The spectrum of diagnoses encompassed by the term “congenital disabilities” – structural or functional anomalies that occur as the fetus grows and develops – is wide. Treatable diagnoses, such as cleft lip, are distinct from diagnoses pertaining to severely disabled newborns. Some genetic disorders or complex conditions demand nuanced medical plans. Congenital heart disease, for example, may be correctable with surgery but is also the leading cause of birth-defect-associated infant death. Other severe disabilities present concrete prognoses. Anencephaly – absence of parts of the brain and skull – is neither treatable nor curable with modern medicine.

A cornerstone of neonatal care is parental authority, a proxy for the ethical principle of autonomy that grants parents the right to make decisions concerning their children without governmental intervention provided these decisions are in the best interest of their children. Parents’ proxy to make medical decisions for their children underscores pediatric health care. Shared decision making between parents and pediatricians is sacrosanct.
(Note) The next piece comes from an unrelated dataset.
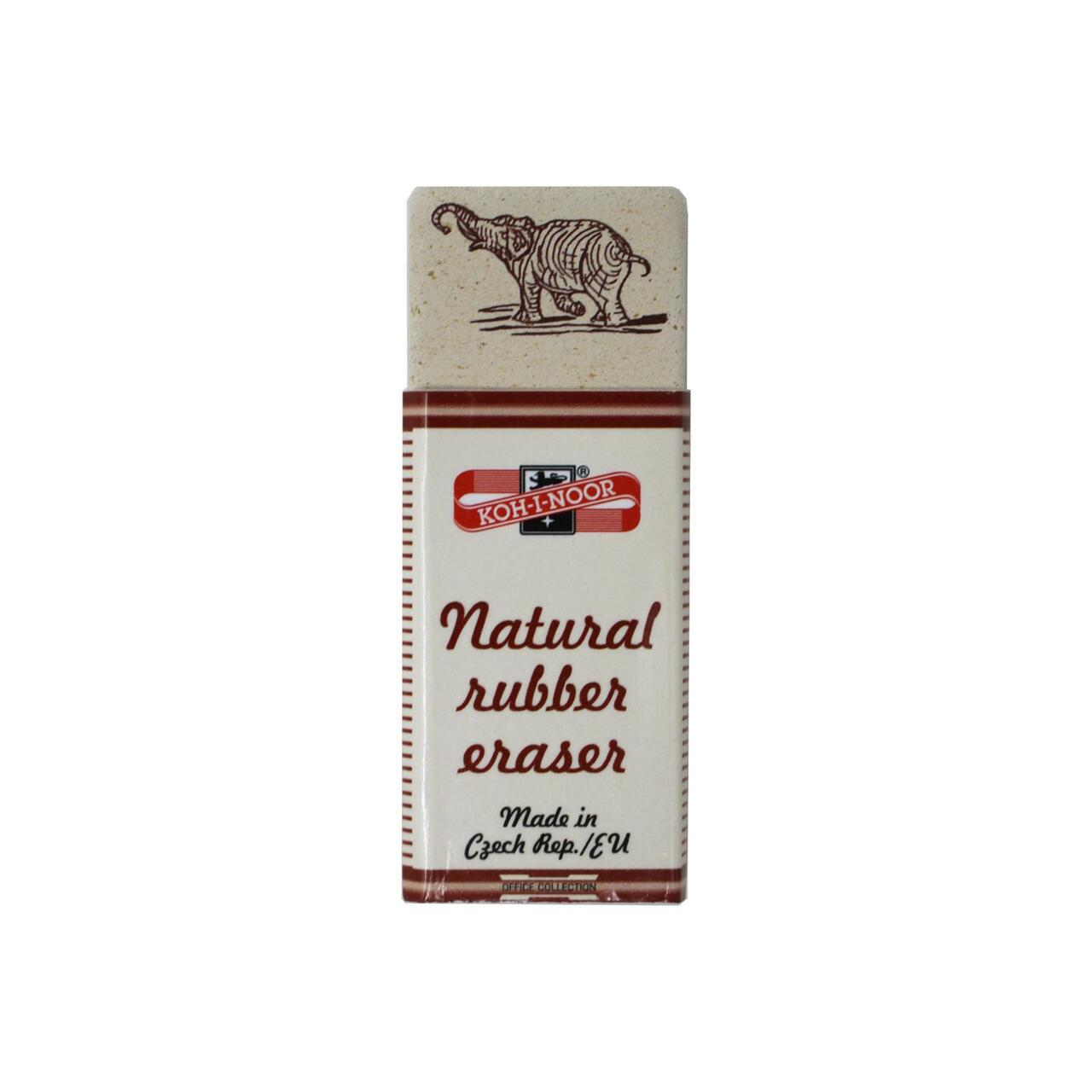 Koh-I-Noor Natural Rubber 'Elephant' Soft Eraser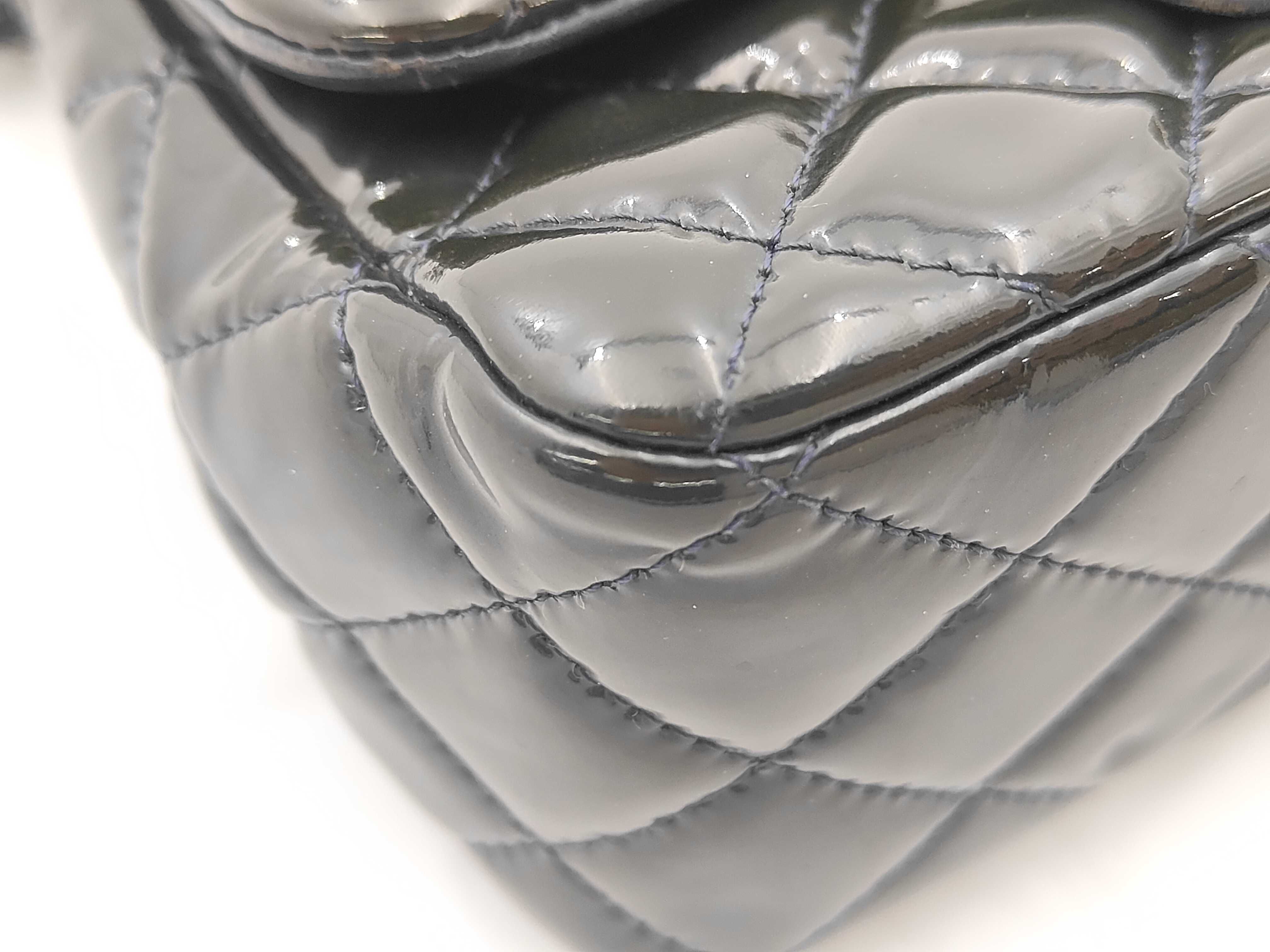 Mini Matelassé Chain Shoulder Bag — view 6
Trusting parents to make medical decisions in the best interests of their children may sound simple. But even routine decisions, such as whether their babies should receive breast milk or formula, or whether their babies should receive vaccinations, are judged and debated. When babies are fragile, unstable, face uncertain recovery, or face futures with severe disabilities, and parents weigh more complex decisions, American history dictates trust in parents further erodes. The moral difficulties of “playing God in the nursery” permeated all branches of federal government and national media in the 1980s.

Baby Doe, born in 1982 in Indiana with Down syndrome, Trisomy 21, and a malformed esophagus, required surgery to allow water and nutrients to reach his stomach. His parents were reportedly swayed by their obstetrician’s recommendations and refused the operation. Moral distress overwhelmed some members of his care team who believed the surgery correcting his esophagus would have allowed him to survive. The Chicago Tribune reported some of his nurses sought psychiatric counseling while one of his physicians debated kidnapping him from the hospital. Courts upheld the parents’ decision. Baby Doe died after six days.

In response, President Reagan’s Administration cited “heightened public concern” surrounding care of disabled newborns. He and his surgeon general Dr. C. Everett Koop issued a rule in 1983 proclaiming a “vigorous federal role” in these cases. Signs hung in nurseries and NICUs advertising “Baby Doe” hotlines, where callers voiced anonymous concerns of perceived neglect in neonatal care. In response, the government would dispatch “Baby Doe” squads to revisit agonizing decisions of parents and doctors. The American Hospital Association and other medical organizations argued the hotlines and squads were disruptive and unwarranted. While their lawsuit worked its way to the Supreme Court, Baby Jane Doe became a test case.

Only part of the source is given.